WORK REQUEST: From the line that contains "Jack Wolfskin Lite" to the end of the entries, copy each line exactly, though the pictures stay out.

**** DATA FOR ANALYSIS

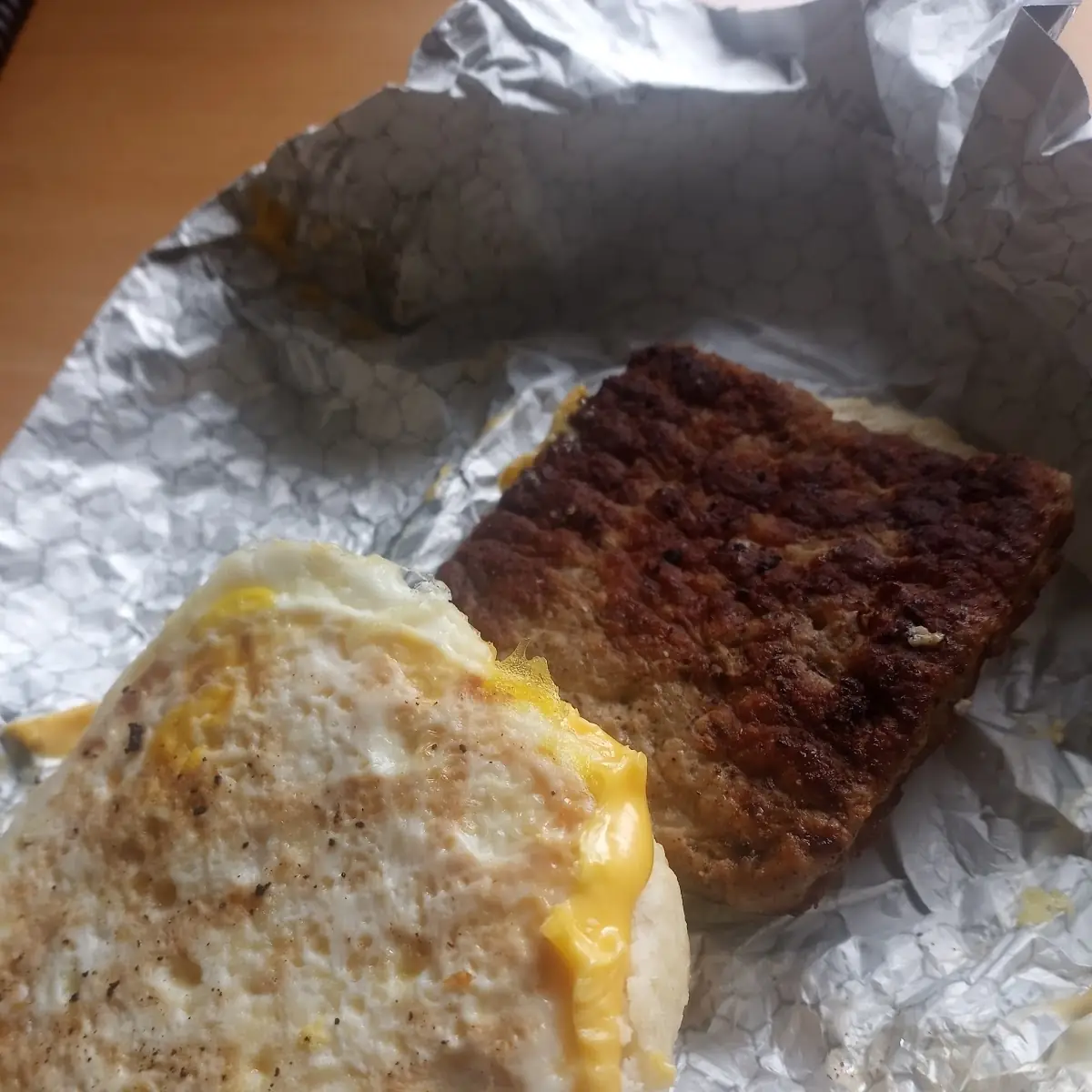 Sausage Egg & Cheese Biscuit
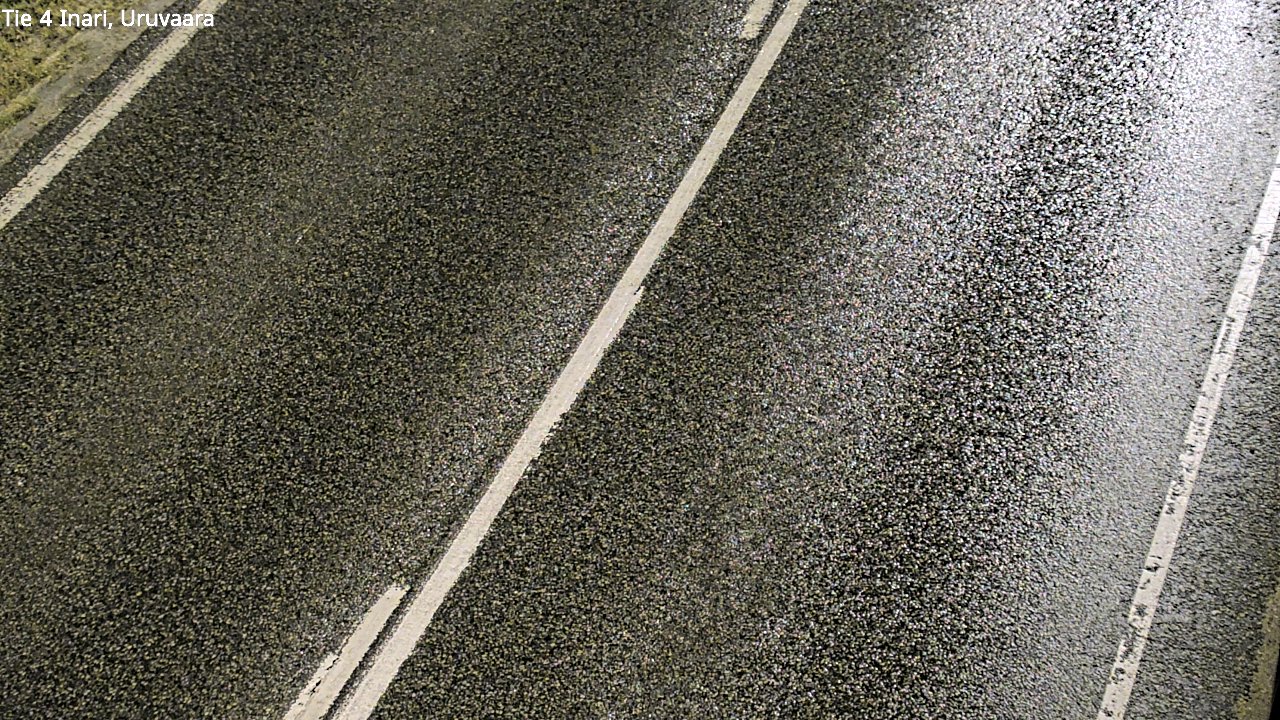 Kelikamerat Kuva Tie 4 Inari, Uruvaara, Inari, Lappi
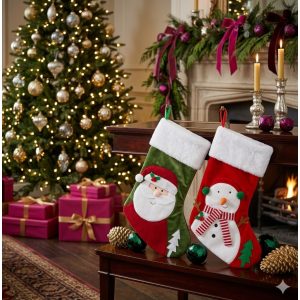 Botas Navideñas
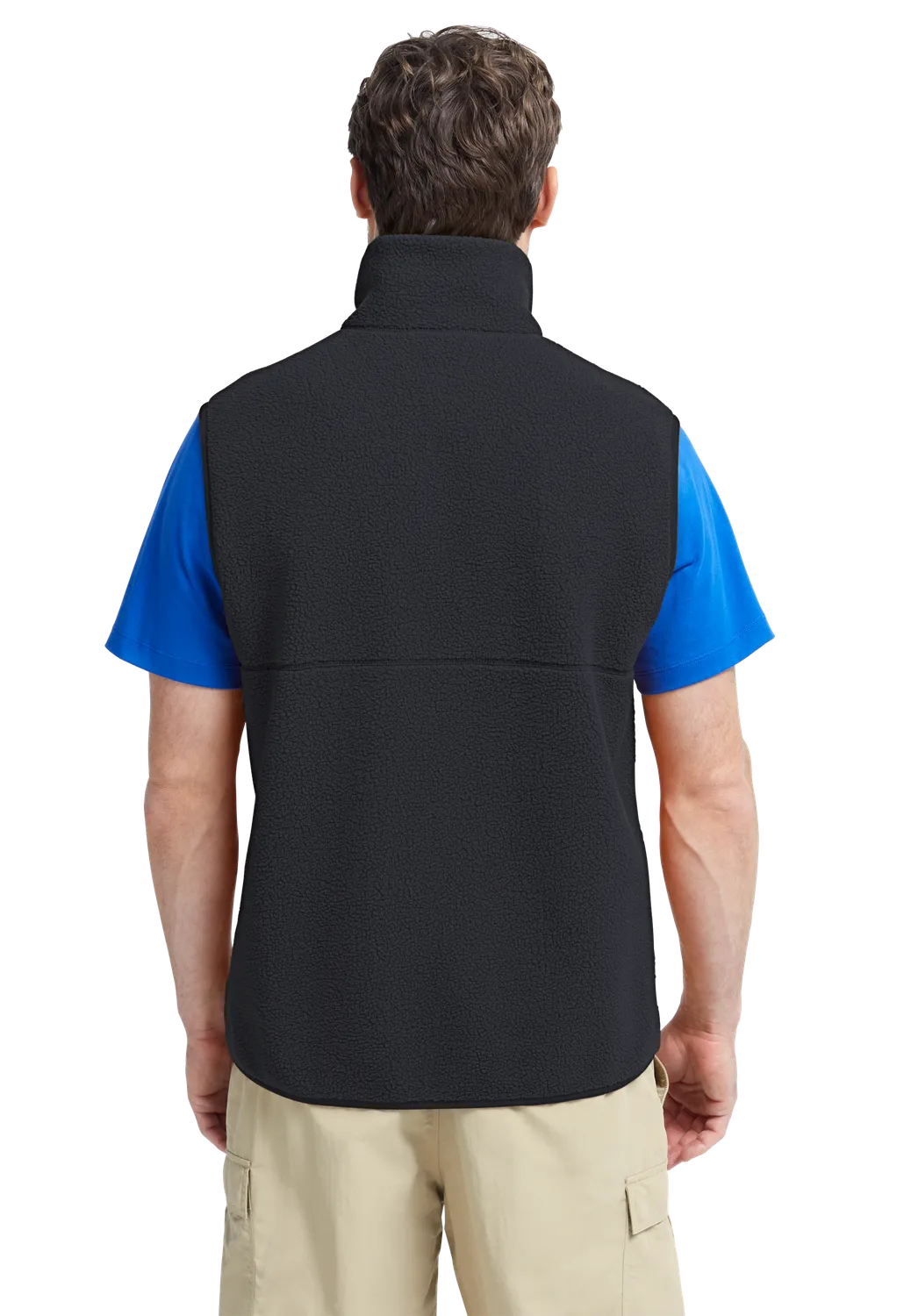 Jack Wolfskin Lite Curl Vest M gilet polaire homme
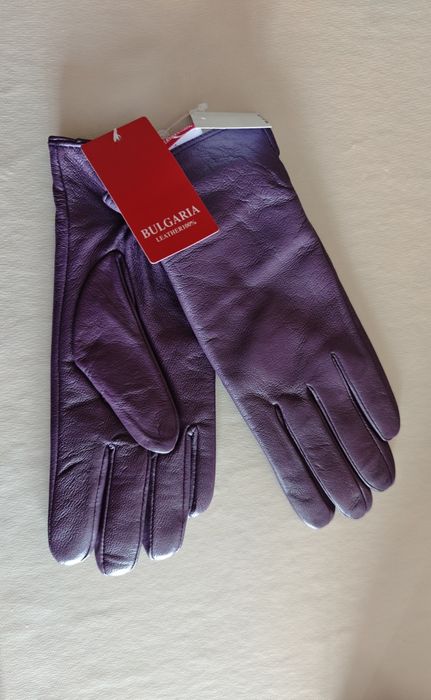 Кожени ръкавици 100% естествена кожа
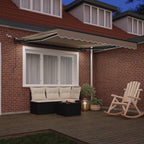 Markisenstoff Beige 350 x 250 cm Polyester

********

COMPLETED EXERCISE:
 Jack Wolfskin Lite Curl Vest M gilet polaire homme
 Кожени ръкавици 100% естествена кожа
 Markisenstoff Beige 350 x 250 cm Polyester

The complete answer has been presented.